In a 90-minute closed door meeting Monday evening, legislative Democrats put a plan in front of Republican leadership that would cut the budget back closer to what Gov. Brian Sandoval proposed. The cutbacks would be a trade for lifting the sunsets on tax hikes approved in 2009 and the 26th special session.
The Assembly Ways and Means and Senate Finance committees convene in joint session at 8 a.m. today to reopen the K-12, higher education and human services budgets and begin making those cuts. What happens in that meeting depends on how the GOP caucuses react to the proposals.
Senate Majority Leader Steven Horsford, D-Las Vegas, said Republicans were reviewing the deal, which would provide an estimated $626 million during the biennium to stave off the worst cuts in Sandoval's budget.
Throughout budget closings this session, Democrats have pushed through $968 million in added spending. However, they have been unable to generate enough Republican support for the $1.2 billion revenue plan necessary to pay for those additions.
That means they will have to cut enough to close the $342 million gap between those numbers.
"The goal is for the Legislature to finish it's work - and to do that, we have to have compromise," said Sen. Sheila Leslie, D-Reno, before the "core group" meeting. "We have to cut it to balance."
"Hopefully not too deep," said Assemblyman David Bobzien, D-Reno.
There are reportedly several other pieces in motion along with the budget cuts. The pieces include potential changes to the legislative redistricting maps that would help the GOP and at least incremental changes to NRS288, the collective bargaining statute. Those changes include mandating escape clauses in local government union contracts triggered by the recession and such things as allowing the arbitrator in negotiations to compromise instead of having to take one side's offer or the other.
The plan has to be put together in just a couple of days in order to get the budget bills to the governor by Friday, leaving enough time that the Legislature still would be in session after he vetoes the budget measures. If they wait longer, a special session would be needed to do complete the budget and Sandoval would have control of the agenda, enabling him to send lawmakers back to work without a revenue option. Because of an expected veto, the plan has to have at least two-thirds support in each house.

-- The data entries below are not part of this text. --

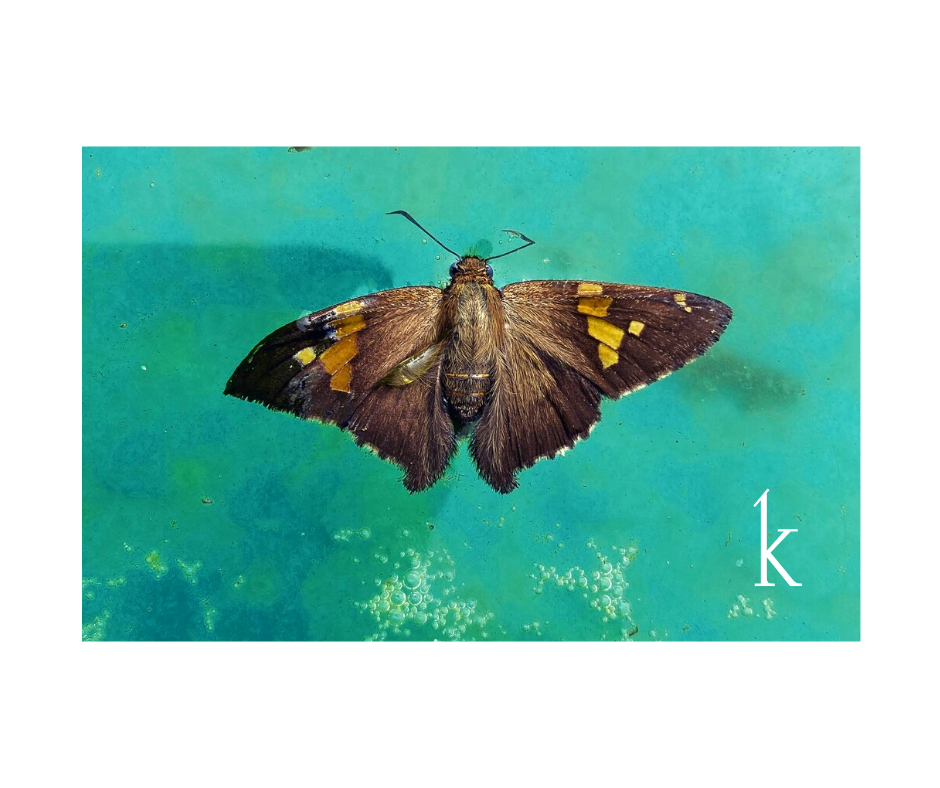 5C268538-E271-405D-8588-9028155332AD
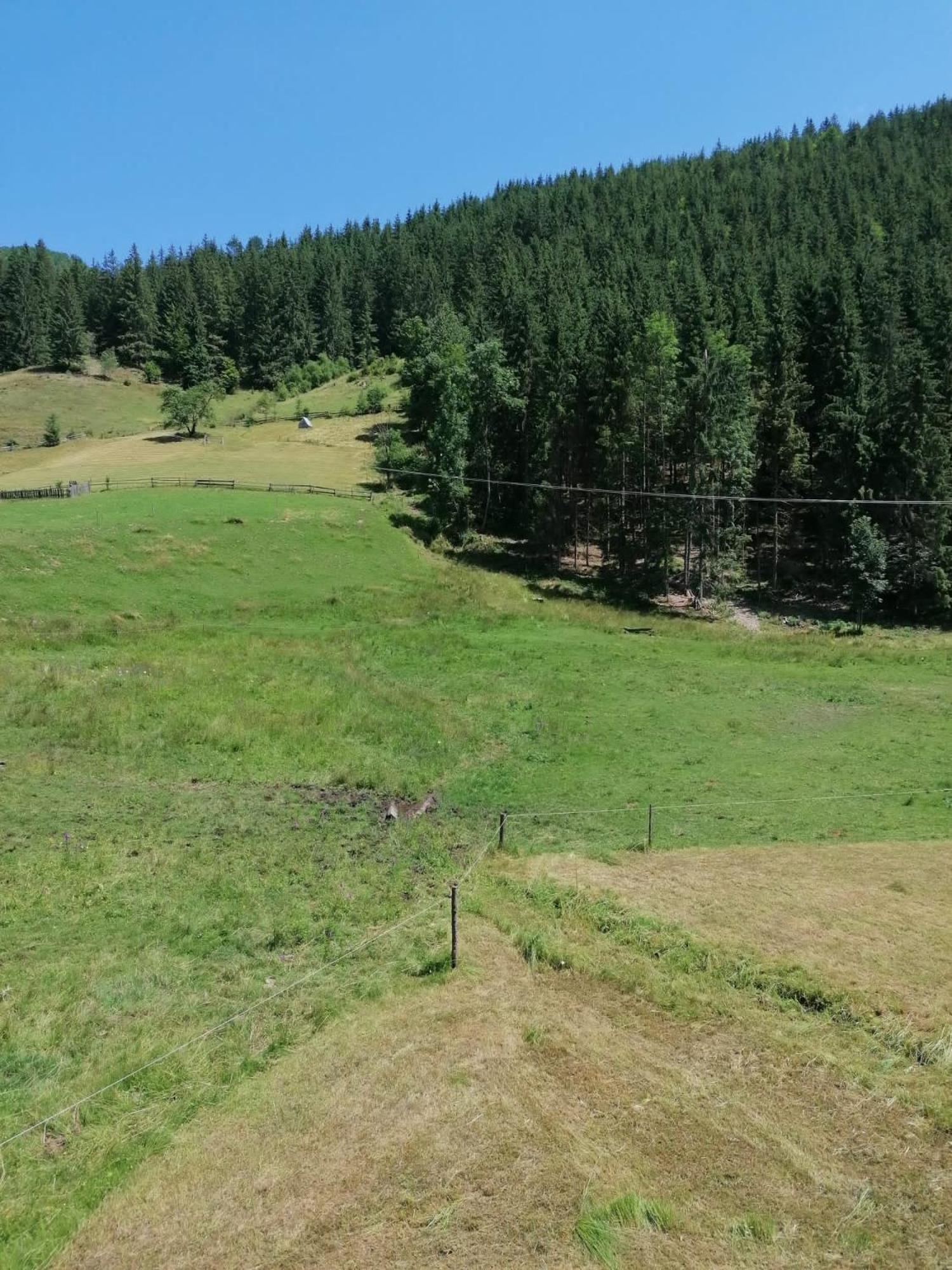 Cabana Inima Munților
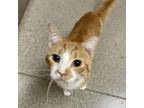 Adopt Carino a Orange or Red Tabby Domestic Mediumhair cat in Knoxville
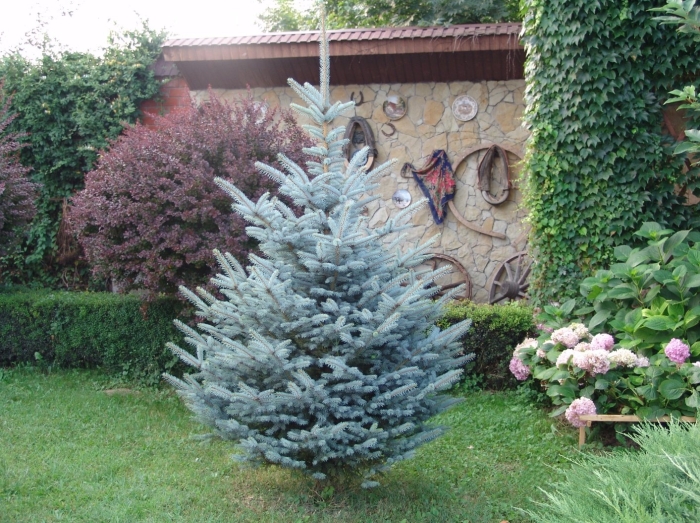 Ель колючая глаука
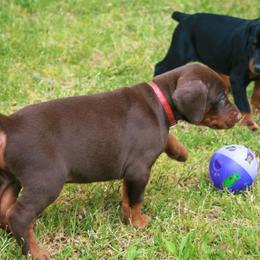 Doberman Pinscher Puppies from Sun Country Dobermanns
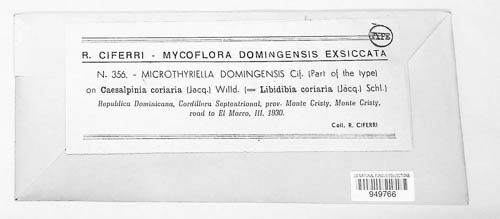 Microthyriella domingensis image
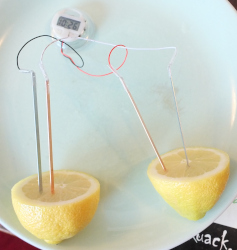 making a lemon clock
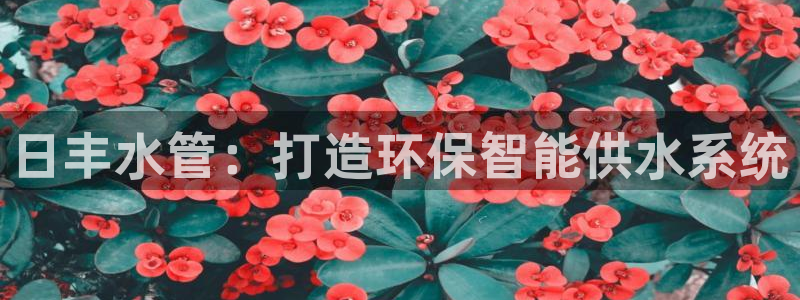 众腾娱乐APP下载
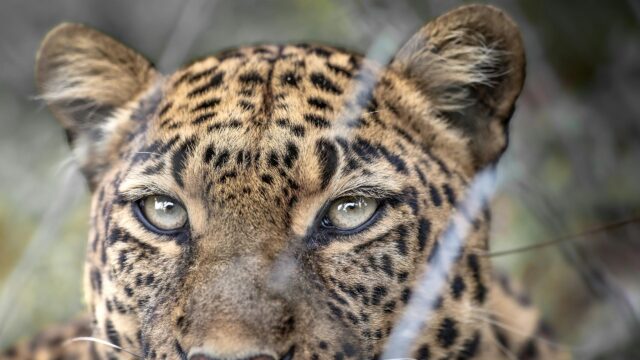 Stunning Leopard Close-Up Eyes Intense Wildlife 4K Wallpaper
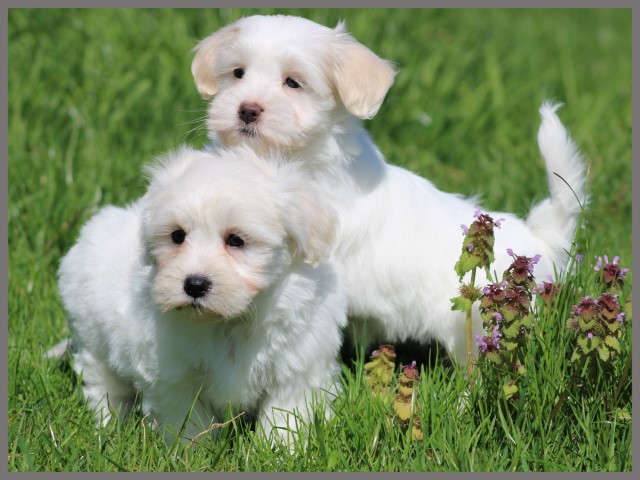 Maltezer pups (klik hier voor meer informatie)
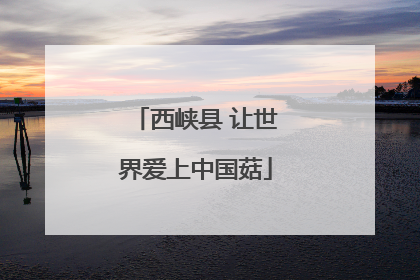 西峡县 让世界爱上中国菇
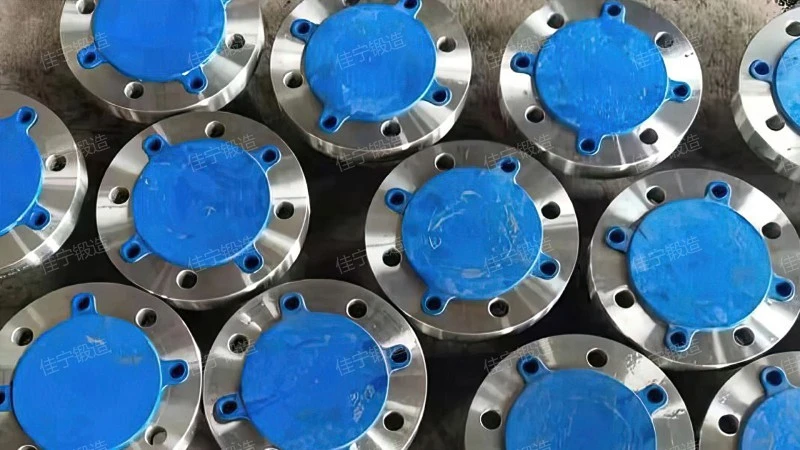 Stainless steel strip diameter flat welding flange cover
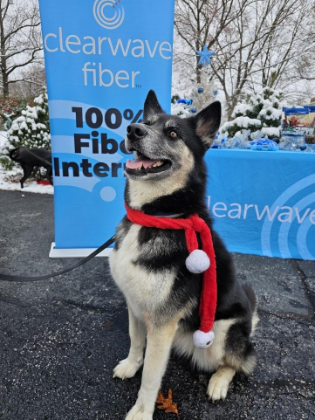 Mount Vernon, IL Internet Promotions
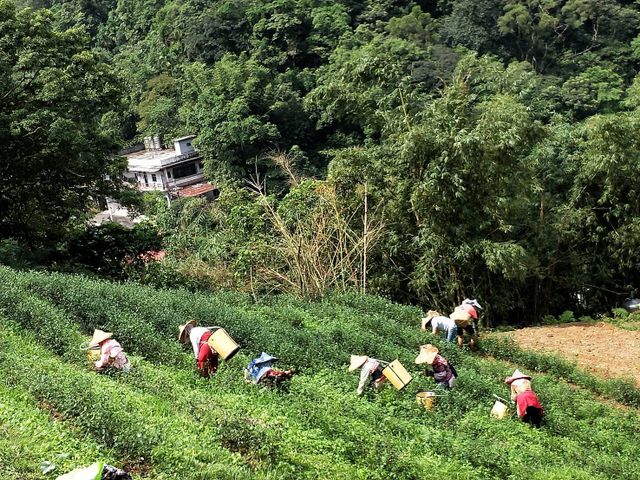 【頭等獎茶廠！獨立茶包2盒禮盒(3gx6包/盒)】有機蜜香紅茶、有機包種茶任選2、blockchain茶葉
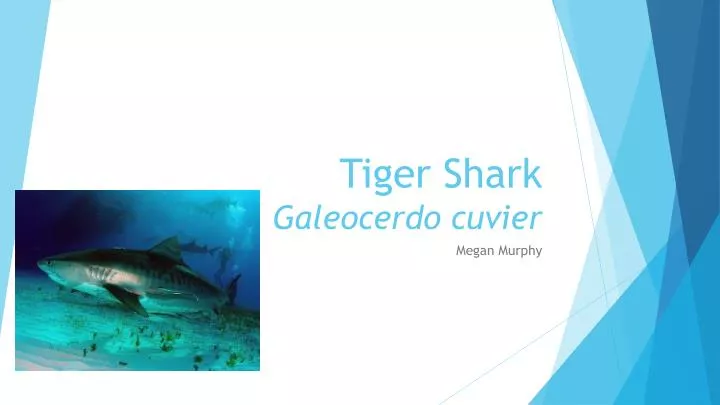 tiger shark galeocerdo cuvier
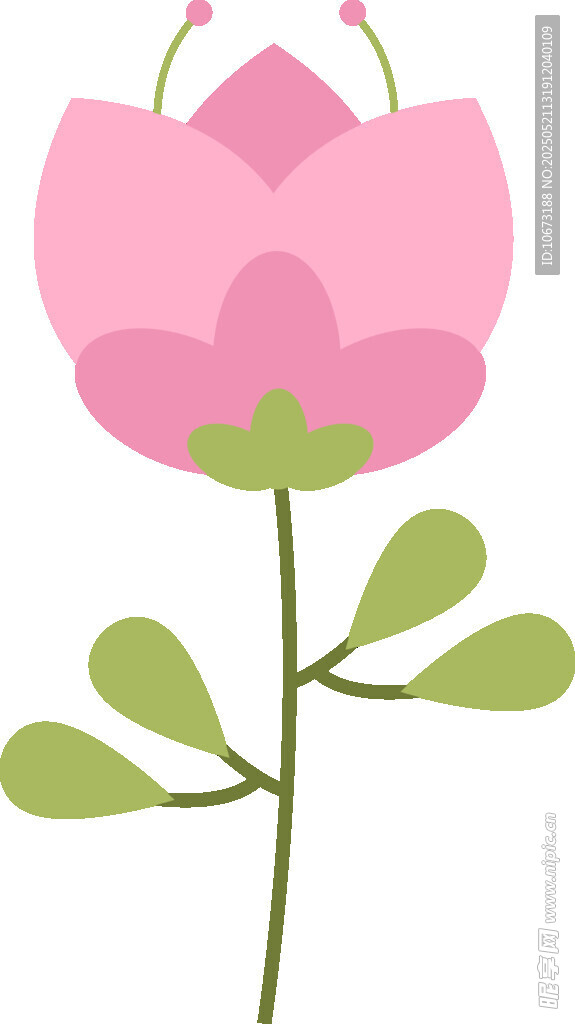 粉色花朵插畫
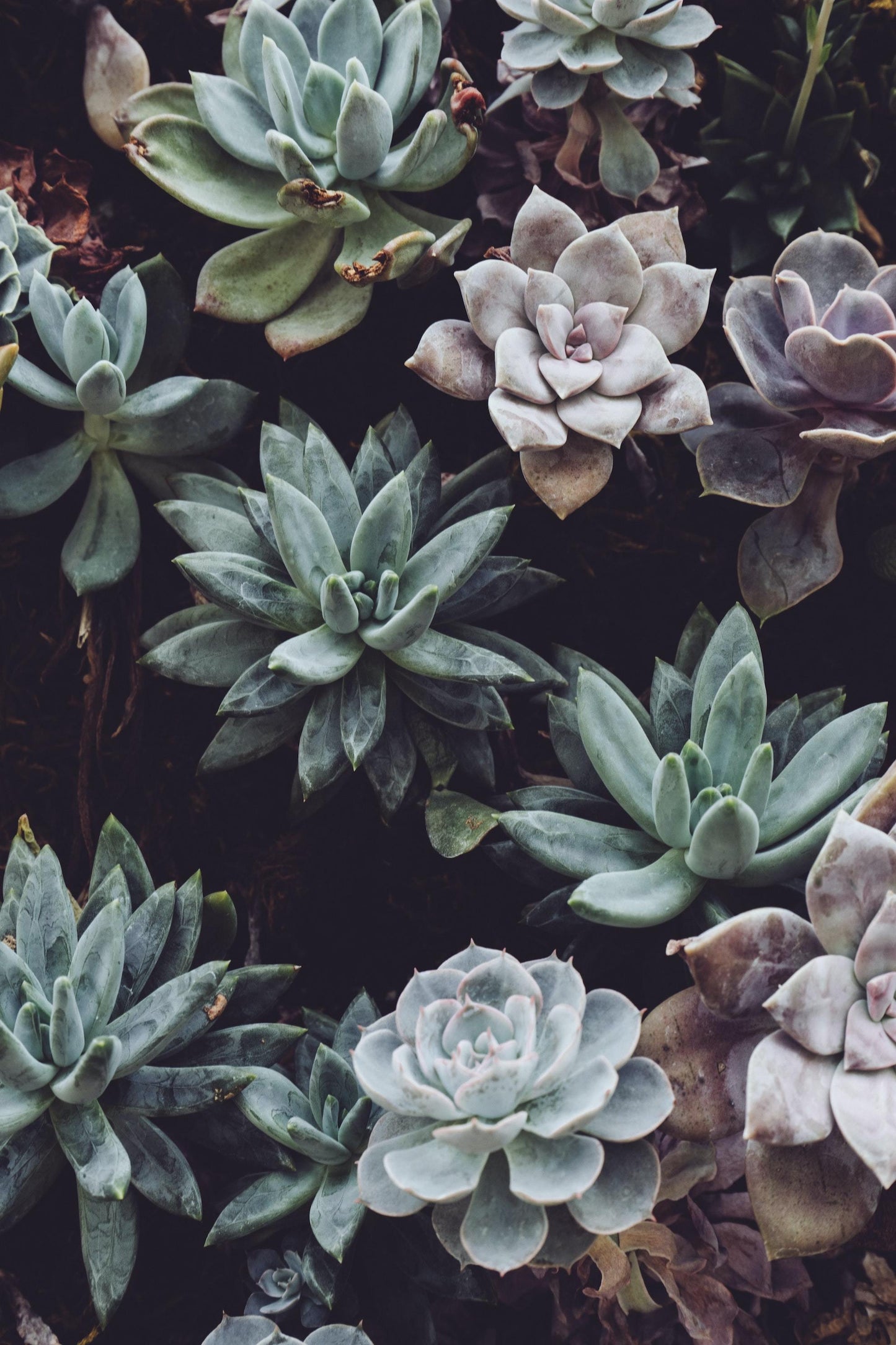 Succulents on Sale (second image)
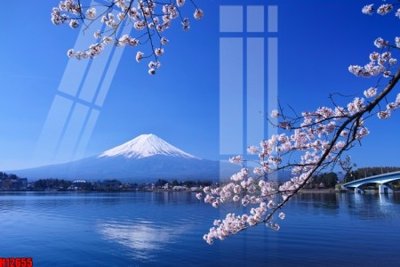 Tải file File tranh gốc in tranh tường nền tổng hợp H12655 (ảnh gốc) file TIFF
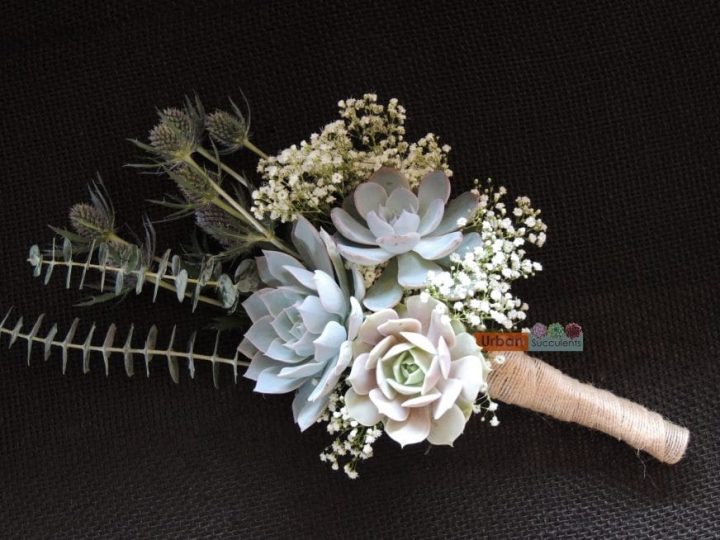 succulent and thistle bouquet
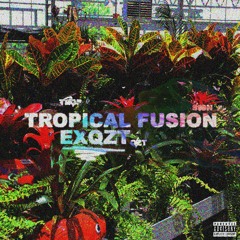 Tropical Fusion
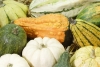 Os alimentos deste Outono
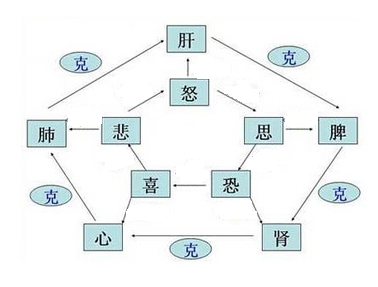 《中药学综合知识》知识点：七情内伤致病1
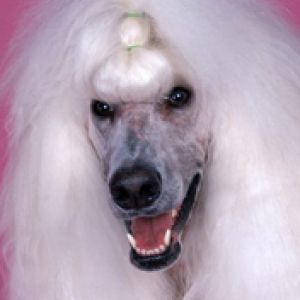Poodle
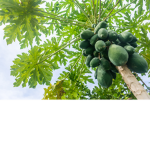 The Papaya tree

Subcommittee chairs in the money committees were each given a target amount to cut from their agencies. While they declined to give specifics, those contacted indicated they managed to prioritize their cuts.
In addition to Horsford, Democrats attending the meeting included Leslie, Assembly Speaker John Oceguera of Las Vegas, Ways and Means Chairwoman Debbie Smith of Sparks and her vice-chair Marcus Conklin of Las Vegas. The Republicans in the room were Senate Minority Leader Mike McGinness of Fallon, Barbara Cegavske of Las Vegas, Assembly Minority Leader Pete Goicoechea of Eureka and Crescent Hardy of Clark County.